By Desmond Reddick
02 October 2006 — Greetings! I have provided this preamble to welcome, acclimatize and warn you of the abominations of science and creatures of the night that will occupy this column every Monday.
Reel Dread is my way of looking at genre cinema past and present. I will dissect the conventions of horror and, to a lesser extent, science fiction through a series of reviews, short essays and spotlights on various sub-genres and directors. If my attention span behaves as expected I may branch off into other media such as television, literature and comic books. I will, however, stay away from anything covered by others on Earth-2.net or the podcast — unless I'm asked for my two cents.
Please feel free to share your criticisms of this column. Or, request a film or sub-genre you'd like to see me cover. I'm not new to genre films or writing, but I am new to the weekly column format so your input is greatly appreciated.
Now that the business is out of the way I thought I would briefly comment on a topic that interests me to no end and has a huge impact on this column: fear and cinema.
Fear is a funny thing. Any assortment of mundane things can cause phobic hysteria in people. Watch a recent episode or two of Maury Povich and you can see that.
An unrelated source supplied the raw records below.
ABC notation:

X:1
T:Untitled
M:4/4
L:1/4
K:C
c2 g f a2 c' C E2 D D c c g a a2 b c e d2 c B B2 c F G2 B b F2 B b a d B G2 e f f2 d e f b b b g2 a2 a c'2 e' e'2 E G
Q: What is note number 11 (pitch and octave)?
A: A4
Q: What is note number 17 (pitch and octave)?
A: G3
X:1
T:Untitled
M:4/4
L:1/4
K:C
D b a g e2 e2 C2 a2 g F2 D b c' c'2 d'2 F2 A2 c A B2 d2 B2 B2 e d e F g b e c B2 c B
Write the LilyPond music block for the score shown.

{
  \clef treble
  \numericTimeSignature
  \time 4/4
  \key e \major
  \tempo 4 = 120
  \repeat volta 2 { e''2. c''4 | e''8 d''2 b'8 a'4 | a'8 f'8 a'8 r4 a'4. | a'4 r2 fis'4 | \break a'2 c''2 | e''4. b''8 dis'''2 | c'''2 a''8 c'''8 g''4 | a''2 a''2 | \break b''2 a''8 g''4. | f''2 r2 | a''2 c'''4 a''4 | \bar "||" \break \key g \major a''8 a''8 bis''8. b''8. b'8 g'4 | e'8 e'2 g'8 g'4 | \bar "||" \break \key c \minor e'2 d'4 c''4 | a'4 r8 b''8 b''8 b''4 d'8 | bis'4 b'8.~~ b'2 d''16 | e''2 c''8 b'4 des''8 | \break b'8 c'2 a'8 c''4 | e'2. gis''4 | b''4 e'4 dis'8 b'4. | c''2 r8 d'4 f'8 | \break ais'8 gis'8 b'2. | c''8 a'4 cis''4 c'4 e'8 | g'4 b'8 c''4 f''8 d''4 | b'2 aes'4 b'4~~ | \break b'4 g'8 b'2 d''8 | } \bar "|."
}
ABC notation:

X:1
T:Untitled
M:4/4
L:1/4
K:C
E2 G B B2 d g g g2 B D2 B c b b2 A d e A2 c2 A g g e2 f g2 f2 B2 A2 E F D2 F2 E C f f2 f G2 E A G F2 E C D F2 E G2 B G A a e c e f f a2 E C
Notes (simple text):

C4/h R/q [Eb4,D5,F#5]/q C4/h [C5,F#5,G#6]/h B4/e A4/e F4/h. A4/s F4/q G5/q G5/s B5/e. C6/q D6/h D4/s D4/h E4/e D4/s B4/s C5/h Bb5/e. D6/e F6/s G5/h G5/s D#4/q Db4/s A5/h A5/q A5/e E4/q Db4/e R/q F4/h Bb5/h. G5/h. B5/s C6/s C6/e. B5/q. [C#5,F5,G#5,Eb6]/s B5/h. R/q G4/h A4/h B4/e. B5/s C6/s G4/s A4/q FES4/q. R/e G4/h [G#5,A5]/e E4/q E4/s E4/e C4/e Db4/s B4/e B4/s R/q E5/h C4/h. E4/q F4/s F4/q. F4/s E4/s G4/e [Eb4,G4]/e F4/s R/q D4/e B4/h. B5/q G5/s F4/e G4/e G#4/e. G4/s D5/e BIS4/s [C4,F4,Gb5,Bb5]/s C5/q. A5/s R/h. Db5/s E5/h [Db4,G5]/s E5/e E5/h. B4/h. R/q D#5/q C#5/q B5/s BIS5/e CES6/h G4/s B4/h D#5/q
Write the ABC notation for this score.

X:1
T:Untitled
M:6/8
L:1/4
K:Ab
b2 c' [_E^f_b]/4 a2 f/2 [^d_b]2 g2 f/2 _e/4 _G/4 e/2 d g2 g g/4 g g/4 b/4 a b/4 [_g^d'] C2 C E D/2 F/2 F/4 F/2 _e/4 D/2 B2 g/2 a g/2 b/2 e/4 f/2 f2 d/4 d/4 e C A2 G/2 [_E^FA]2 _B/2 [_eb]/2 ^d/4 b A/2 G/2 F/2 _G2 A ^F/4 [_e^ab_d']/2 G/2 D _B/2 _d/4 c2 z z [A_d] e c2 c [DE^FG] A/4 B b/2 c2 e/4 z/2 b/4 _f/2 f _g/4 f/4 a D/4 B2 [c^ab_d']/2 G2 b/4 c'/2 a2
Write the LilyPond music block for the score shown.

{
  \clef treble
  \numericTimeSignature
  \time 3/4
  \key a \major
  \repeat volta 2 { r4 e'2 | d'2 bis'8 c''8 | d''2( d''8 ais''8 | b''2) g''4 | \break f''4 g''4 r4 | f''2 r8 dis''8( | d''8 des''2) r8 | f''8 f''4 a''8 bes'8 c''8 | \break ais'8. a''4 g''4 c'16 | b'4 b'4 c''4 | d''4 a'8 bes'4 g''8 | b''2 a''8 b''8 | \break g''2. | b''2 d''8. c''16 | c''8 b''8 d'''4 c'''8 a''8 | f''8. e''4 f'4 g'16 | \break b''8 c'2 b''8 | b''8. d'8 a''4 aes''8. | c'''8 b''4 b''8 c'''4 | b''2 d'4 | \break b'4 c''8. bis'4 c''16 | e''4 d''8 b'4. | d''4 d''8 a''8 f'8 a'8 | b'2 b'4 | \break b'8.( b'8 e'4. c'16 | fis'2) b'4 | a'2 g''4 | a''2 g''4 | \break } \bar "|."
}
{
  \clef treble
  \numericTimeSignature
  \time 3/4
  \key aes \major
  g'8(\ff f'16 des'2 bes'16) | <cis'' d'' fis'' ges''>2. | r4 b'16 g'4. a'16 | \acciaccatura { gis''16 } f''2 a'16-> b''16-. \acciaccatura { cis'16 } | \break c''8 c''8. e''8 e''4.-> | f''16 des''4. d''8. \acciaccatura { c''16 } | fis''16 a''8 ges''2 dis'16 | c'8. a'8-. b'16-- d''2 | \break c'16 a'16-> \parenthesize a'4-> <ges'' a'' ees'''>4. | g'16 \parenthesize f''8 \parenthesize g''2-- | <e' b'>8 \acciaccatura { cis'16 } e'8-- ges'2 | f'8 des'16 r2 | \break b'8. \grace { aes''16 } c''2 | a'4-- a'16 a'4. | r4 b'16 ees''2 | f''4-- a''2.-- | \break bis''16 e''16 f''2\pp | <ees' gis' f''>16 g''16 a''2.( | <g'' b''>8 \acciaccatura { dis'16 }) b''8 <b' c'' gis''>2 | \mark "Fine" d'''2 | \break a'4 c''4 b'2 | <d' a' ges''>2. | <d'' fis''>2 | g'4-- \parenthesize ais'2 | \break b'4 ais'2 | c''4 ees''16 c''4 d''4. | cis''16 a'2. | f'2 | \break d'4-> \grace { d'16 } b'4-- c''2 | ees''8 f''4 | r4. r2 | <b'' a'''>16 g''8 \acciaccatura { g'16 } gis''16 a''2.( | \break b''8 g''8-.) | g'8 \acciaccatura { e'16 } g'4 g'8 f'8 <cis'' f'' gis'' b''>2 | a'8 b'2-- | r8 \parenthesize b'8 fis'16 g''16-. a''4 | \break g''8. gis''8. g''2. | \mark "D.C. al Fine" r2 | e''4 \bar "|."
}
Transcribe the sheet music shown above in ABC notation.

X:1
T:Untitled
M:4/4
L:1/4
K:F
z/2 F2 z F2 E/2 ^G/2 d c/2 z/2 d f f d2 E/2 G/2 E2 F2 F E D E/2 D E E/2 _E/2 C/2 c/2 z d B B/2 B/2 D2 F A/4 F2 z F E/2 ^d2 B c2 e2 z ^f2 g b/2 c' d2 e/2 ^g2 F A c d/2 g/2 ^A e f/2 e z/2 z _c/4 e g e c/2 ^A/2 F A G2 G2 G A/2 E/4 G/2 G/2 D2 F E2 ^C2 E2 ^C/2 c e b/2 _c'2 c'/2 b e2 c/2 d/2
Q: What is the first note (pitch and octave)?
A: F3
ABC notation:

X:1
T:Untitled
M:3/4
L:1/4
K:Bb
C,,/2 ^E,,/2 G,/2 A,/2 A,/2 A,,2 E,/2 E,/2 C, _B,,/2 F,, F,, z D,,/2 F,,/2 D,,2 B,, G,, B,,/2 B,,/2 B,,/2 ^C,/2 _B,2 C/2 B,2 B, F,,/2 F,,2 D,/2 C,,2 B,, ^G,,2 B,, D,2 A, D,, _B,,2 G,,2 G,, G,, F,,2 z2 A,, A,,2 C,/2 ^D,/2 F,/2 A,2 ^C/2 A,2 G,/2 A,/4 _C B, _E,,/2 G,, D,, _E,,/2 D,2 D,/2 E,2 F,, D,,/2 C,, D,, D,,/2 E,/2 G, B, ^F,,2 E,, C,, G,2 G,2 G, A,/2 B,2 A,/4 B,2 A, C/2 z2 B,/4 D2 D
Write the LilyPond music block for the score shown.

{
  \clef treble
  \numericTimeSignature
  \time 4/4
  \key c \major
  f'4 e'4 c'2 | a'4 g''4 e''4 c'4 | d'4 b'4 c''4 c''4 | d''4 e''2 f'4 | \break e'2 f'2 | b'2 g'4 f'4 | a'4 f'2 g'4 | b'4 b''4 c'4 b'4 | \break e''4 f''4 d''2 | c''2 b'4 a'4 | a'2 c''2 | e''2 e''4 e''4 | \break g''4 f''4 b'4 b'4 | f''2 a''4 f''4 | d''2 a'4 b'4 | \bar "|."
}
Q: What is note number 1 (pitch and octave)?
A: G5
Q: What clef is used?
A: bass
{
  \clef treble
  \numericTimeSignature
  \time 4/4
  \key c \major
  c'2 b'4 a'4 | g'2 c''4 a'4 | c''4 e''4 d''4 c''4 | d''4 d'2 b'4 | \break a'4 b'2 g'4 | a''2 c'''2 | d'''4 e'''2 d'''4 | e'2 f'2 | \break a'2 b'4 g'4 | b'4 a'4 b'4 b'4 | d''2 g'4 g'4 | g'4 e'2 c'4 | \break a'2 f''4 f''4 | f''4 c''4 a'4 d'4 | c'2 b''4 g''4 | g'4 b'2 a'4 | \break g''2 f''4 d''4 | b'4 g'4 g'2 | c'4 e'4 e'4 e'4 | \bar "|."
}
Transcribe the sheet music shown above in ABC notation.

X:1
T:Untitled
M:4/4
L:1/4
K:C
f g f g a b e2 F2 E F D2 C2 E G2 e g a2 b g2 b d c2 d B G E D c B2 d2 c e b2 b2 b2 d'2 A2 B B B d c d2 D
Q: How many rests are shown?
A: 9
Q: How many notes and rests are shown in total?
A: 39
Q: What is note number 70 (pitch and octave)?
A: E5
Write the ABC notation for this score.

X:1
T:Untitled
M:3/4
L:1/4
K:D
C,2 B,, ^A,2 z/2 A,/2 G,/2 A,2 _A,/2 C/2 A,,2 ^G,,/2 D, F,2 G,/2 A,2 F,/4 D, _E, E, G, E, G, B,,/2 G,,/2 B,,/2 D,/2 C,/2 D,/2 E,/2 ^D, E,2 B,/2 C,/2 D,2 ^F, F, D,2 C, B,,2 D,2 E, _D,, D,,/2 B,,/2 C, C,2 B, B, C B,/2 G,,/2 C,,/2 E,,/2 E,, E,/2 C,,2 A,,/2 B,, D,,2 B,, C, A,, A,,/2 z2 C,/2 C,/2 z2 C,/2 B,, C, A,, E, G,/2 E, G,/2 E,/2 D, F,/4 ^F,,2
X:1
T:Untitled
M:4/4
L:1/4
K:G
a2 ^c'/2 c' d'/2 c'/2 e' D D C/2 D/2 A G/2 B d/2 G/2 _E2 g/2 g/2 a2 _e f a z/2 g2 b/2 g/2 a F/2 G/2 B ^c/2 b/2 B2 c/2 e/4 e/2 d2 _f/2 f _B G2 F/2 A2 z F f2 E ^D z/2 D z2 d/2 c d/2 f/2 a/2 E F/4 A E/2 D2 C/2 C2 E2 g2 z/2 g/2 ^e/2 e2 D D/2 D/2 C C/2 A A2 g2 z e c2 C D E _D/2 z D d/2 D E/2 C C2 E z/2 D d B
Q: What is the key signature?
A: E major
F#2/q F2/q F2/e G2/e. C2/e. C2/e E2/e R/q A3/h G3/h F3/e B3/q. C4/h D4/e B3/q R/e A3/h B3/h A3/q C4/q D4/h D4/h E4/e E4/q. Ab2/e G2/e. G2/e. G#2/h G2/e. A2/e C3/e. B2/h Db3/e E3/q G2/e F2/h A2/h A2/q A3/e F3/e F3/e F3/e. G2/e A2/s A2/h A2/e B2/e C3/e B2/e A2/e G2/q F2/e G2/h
Fear is an emotion that is both instinctual and learned. Children are born afraid of falling and of loud noises. Any series of tests — ethically questionable tests, but tests nonetheless — can prove that. A child is not born afraid of dogs, but, for example, if they were to witness a pack of rabid dogs savagely tear their father limb from limb then developing a fear of dogs would be a natural reaction.
When we introduce cinema into the equation things can become very interesting. Take that same child who witnessed her poor father torn to shreds and show her Cujo when she is older, and you have one severely damaged human being. Now, I don't consider Cujo to be that good of a film, but it is somebody's worst fear given life. Imagine the emotion that is tapped into, the primal recesses of someone's mind that would do anything to look away. Every horror film could be like that for somebody.
On the other hand, horror films can create a fear. How many people were afraid of sharks before Jaws? How many people refused to go swimming after they saw it? I know people who saw it in its original run, and refused to swim in pools and lakes afterwards. Fear is power and Jaws is powerful.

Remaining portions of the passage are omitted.